Congress:
ECR25
Poster Number:
C-15079
Type:
Poster: EPOS Radiographer (scientific)
DOI:
10.26044/ecr2025/C-15079
Authorblock:
C. W. Cheung, F. K. Yeung, T. L. Chiu, C. L. K. Chung, H. M. Poon, S. K. Yu; Hong Kong/HK
Disclosures:
Chi Wai Cheung:
Nothing to disclose
Fu Ki Yeung:
Nothing to disclose
Tin Lok Chiu:
Nothing to disclose
Cheuk Lam Kelly Chung:
Nothing to disclose
Ho Ming Poon:
Nothing to disclose
Siu Ki Yu:
Nothing to disclose
Keywords:
Computer applications, Radiation physics, CT, Image manipulation / Reconstruction, Physics, Technology assessment, Radiotherapy techniques
The results are summarized in Figure 2, which compares the PD values for MD and RED across different tissue-equivalent materials under four conditions:
- TSC without iMAR.
- TSC with iMAR.
- DD without iMAR.
- DD with iMAR.
Key Findings
- Baseline Performance Without iMAR:
- The DirectDensity algorithm consistently produced lower PD values for both MD and RED compared to the TSC method, demonstrating its inherent robustness against metallic artifacts.
- Effectiveness of iMAR:
- The application of iMAR significantly reduced PD values for both TSC and DD methods. This improvement highlights the capability of iMAR to mitigate the impact of metallic artifacts on quantitative measurements.

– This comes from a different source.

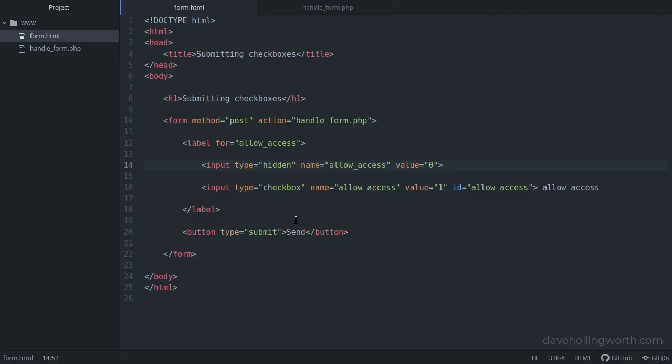So anytime you want to have a value in the form data on the server for an unchecked checkbox, put a hidden field before the checkbox with the same name. The value of this hidden field is what will be available on the server if the form is submitted with the checkbox unchecked.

- Superior Performance of iMAR-DD Combination:
- The combination of iMAR and DD achieved the lowest PD values for the majority of tissue-equivalent materials tested, including soft tissues and adipose tissue. This underscores the complementary strengths of iMAR in reducing artifacts and DD in accurately reconstructing density-based images.
- Exception for Cortical Bone:
- For cortical bone, the PD reduction with iMAR was less pronounced. This finding suggests that high-density materials may interact differently with artifact reduction algorithms, warranting further investigation.